L’aménagement, de la B31 traversant Fribourg, malgré des actions de protestations, a été imposé à grands renforts de police. La multiplication de routes conduit toujours à plus de trafic. La ville et la région souffrent de plus en plus du transit passant par Fribourg (B 31) et sur l’axe Nord-Sud (l’autoroute).

Alors que chaque nouvelle grande installation solaire est fêtée, comme il se doit, le rejet de 50 Mégawatts d’énergie sous forme de chaleur par la TREA Breisgau (c’est ici que les déchets de Fribourg sont incinérés) n’est quasiment pas un sujet d’actualité dans la capitale de l’écologie. La TREA laisse s’échapper quotidiennement dans l’environnement de l’énergie correspondant à 120 000 litres de pétrole. Coresponsables de ce gaspillage énergétique sont également certains médias régionaux, qui préfèrent parler de problèmes écologiques lointains.
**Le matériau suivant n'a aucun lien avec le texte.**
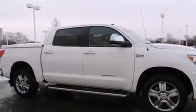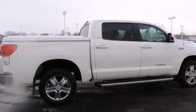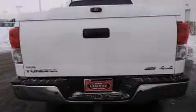Its top features and packages include heated seats, a 12-speaker audio system, alloy wheels, and traction control and stability control systems.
La part des énergies renouvelables reste encore modeste à Fribourg (voir annexe). Les efforts de la coalition municipale rouge-verte ne servent que peu, si la politique énergétique du Land de Baden-Württemberg est décidée au bureau central de la EnBW. La Préfecture de Fribourg veille à ce que les projets durables fribourgeois, en matière d’utilisation de l’énergie éolienne, ne se réalisent pas trop facilement.

On n’aime pas discuter des dangers de la technologie génétique dans la « Gentec-Biovalley » du Rhin-Supérieur. Il n’y a pas que l’université qui veut faire de l’argent avec tout: avec la protection de l’environnement, avec le tourisme écolo et avec la technologie génétique.

L’écologie, la protection du climat et de l’environnement sont de nos jours de grands sujets d’actualité à Fribourg, quand on peut en tirer profit financièrement. Le développement personnel et les thèmes d’écologie politique « à la mode » semblent avoir actuellement plus d’importance que l’extension de l’industrie lourde alsacienne menaçant notre milieu de vie. Le « greenwashing », un habit de vertu verte pour l’industrie polluante, est particulièrement développé dans la région. Ici, même les grandes firmes nucléaires EnBW et EDF ont crée une «association écologique » : « Au Fil du Rhin », pilotée par l’industrie.

A Fribourg non plus, on n’aime pas poser la question centrale des « limites de la croissance».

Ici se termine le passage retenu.